Lessons learned if I had to redo a K8s infrastructure in the data center
- present the project plan, scope and deliverable for purposes of visibility, exposure as well as to gather feedback/concerns.
- Commit to a demo of the POC or MVP that can showcase accomplishments and progress. This will also help set expectations from leadership and the organization as well as validating trust to stakeholders and customer expectations.
- Be well aware that implementing solutions in a private cloud data center will be a lot more complex than implementing in the public cloud. Public Cloud has a lot more features and tools already available whereas you may need to implement yourself in the data center. Some of the extra concerns include hardware provisioning, VPN connections if the data center requires connectivity to the other data centers or public cloud environments, availability of IP addresses, DNS, load balancing, custom ingress, etc.
- Implement CICD Cluster earlier on so that constant code changes will be validated.
- Requesting proper signoff for acceptance criteria from customer and/or leadership. Identifying the scope/time/resources assigned and that any changes can and will affect delivery. make sure to plan properly and allow enough time for completion. Ask for proper acceptance criteria for delivery and completion and timeframe. Deliver the project plan first before starting the implementation. Make sure you have enough resources and that the expected delivery date is acceptable. Identify risks and allow time for potential risks that will be identified. New risks WILL be identified and SCOPE will always be added. If a new tool is introduced or implemented, plan for extra time to learn and troubleshoot. Since Rancher/RKE was a new tool that was introduced, there was a lot of unknowns and new discoveries that came up as part of the discovery and implementation.

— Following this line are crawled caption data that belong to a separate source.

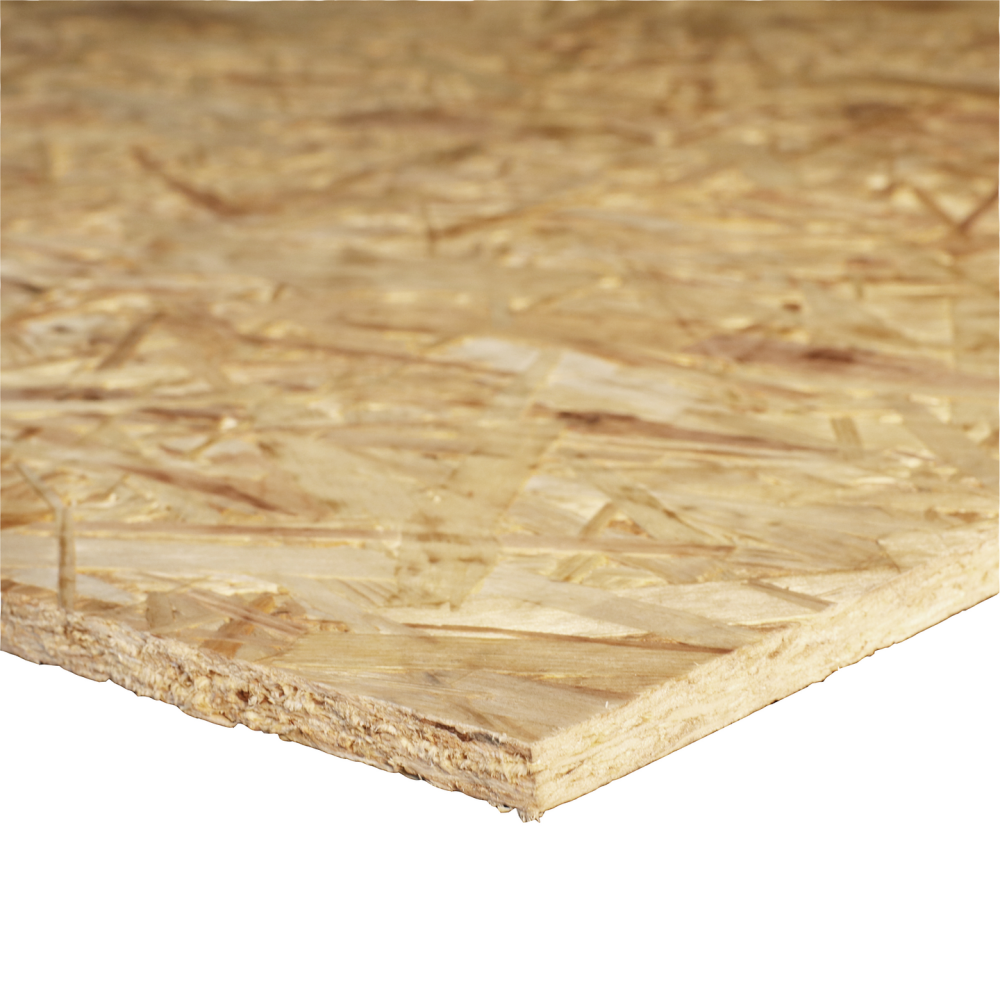 OSB 3 BOA 11X897X2500MM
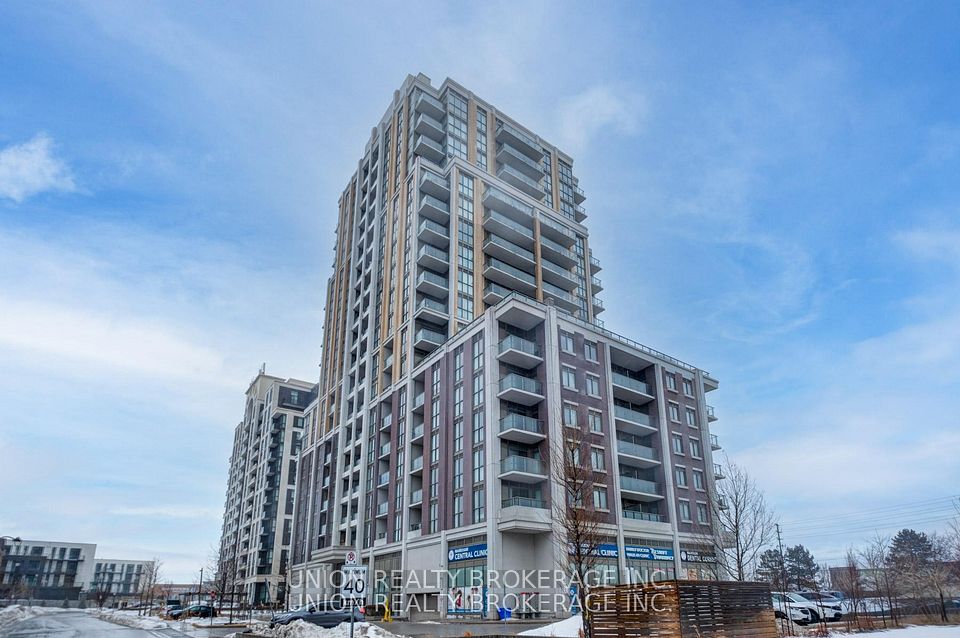Condo Apartment at 9560 Markham Road 610, Markham, ON L6E 0T9, Markham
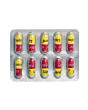  Lipicard 200mg with Fenofibrate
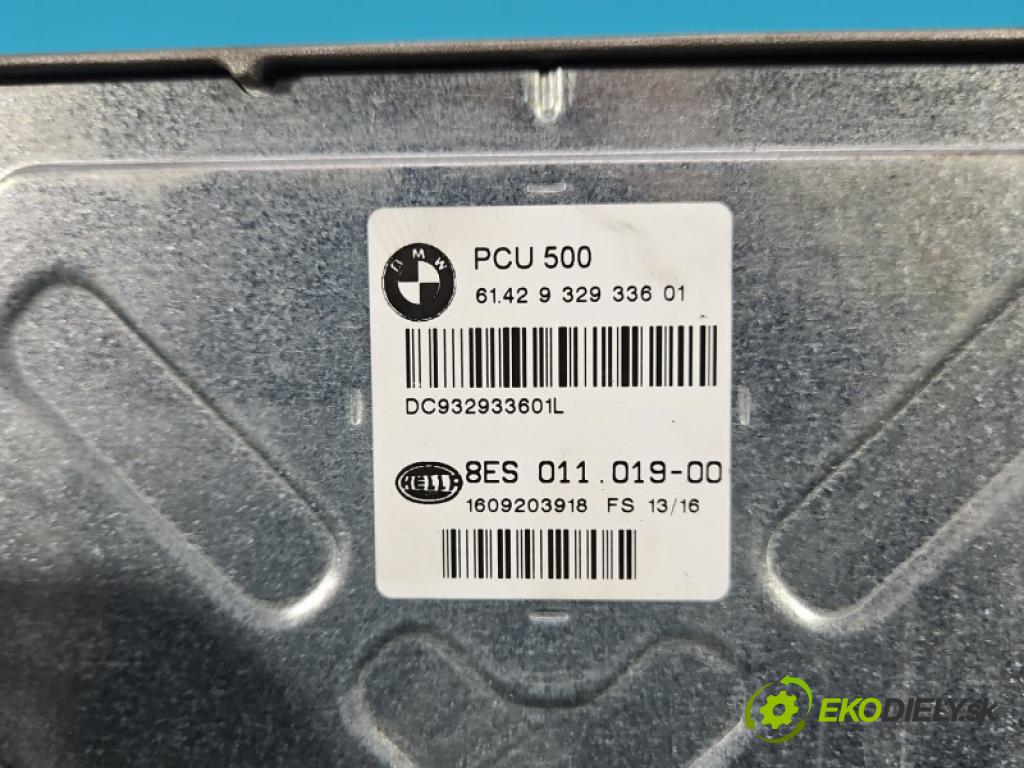 Bmw X5 F15 2013-2018 4.4 V8 automatic 330 kW 4395 cm3 5- riadiaca jednotka ostatné 932933601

- More visibility!!!!!! This project significantly lacked exposure. The project was extremely complex but that might not have been clear to customer, product owner, or leadership. New risks/blockers and scope were continually introduced. This could have been improved by allocated more time early on during planning and design during the assessment phase. Making sure the knowledge and expertise of the tools used as well as any additional support was available is important to identify.
- Identify the proper timeframe and phases early on to keep track of momentum/velocity/slippage. If the project is using Sprints, having a guideline before implementation starts will be extremely helpful. Make sure there is room for delays so that your future sprints are not completely thrown off track. Committing to daily stand-ups, sprint planning, midpoint checkins, retrospectives, and backlog grooming. Additionally identify the project owner and scrum master. Whether the same person will serve as scrum master for the duration for the project or be rotational. Make sure these expectations are set before implementation starts.
- Making sure the team working on the project follows proper Agile/Scrum/sprint methodology and is familiar with it.